Что делает школу православной
Если сто лет назад за такой заголовок можно было получить пулю в затылок, полвека назад — несколько лет тюрьмы или ссылки, то четверть века назад казалось, что все это осталось далеко в прошлом и стоит только назвать «врагов православной школы» по именам — например, в департаменте образования, а еще лучше — вызвать «куда надо» и объяснить, «что следует», как они тут же «яко исчезает дым, да исчезнут», и наша православная гимназия (воскресная школа, детский лагерь, молодежный клуб) «под всеми парусами», подгоняемая могучим попутным ветром, поплывет в светлое будущее, которое непременно настанет. Если не завтра, то, уж, точно послезавтра или, в крайнем случае, через неделю.

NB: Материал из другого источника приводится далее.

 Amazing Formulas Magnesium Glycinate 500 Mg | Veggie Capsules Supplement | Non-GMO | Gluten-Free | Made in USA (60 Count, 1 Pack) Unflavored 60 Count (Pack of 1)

И вот прошла четверть века. Слава Богу, не безрезультатно — во многих городах России появились православные гимназии, почти в каждой епархии — семинария или духовное училище, на многих приходах — воскресные школы, загородные лагеря и клубы.
Однако будем объективны – все-равно это «капля в море»: двадцать храмов на полумиллионный город, одна православная гимназия на всю область, один загородный лагерь, один детский сад.

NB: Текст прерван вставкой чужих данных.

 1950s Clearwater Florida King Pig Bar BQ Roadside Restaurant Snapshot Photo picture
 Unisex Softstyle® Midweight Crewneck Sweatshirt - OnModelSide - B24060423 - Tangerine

Почему так? Пытаясь ответить на этот вопрос, конечно, можно попытаться снова назвать по именам людей, которым православная школа и сама Церковь нужны как прошлогодний снег или раздражают как кость в горле. Однако стоит ли этому удивляться? Ведь никто и, прежде всего, Сам Христос другого и не обещал, сказав ученикам: «И будете ненавидимы всеми за Имя Мое» (Мк. 13, 13). Поэтому уже только за то, что сегодня нас, христиан, не ненавидят, готовы слушать и даже иногда слышать — за все это следует сказать спасибо и навсегда отказаться от иллюзии, что наступит день, когда все детские сады, школы и институты станут православными.
Хотя бы потому, что непонятен сам критерий — что делает ту или иную школу православной — преподавание Закона Божия, степень воцерковления учителей, родителей и учащихся, наличие школьного храма и духовника?
Ручеек атеистической педагогики стал рекой
Но очевидно, что одной только таблички со словом «православная» для этого недостаточно. О чем говорит сама история дореволюционной школы, духовных училищ и семинарий, выпускники которых в начале XX века, порой, шли в революцию с большим желанием, чем в церковь.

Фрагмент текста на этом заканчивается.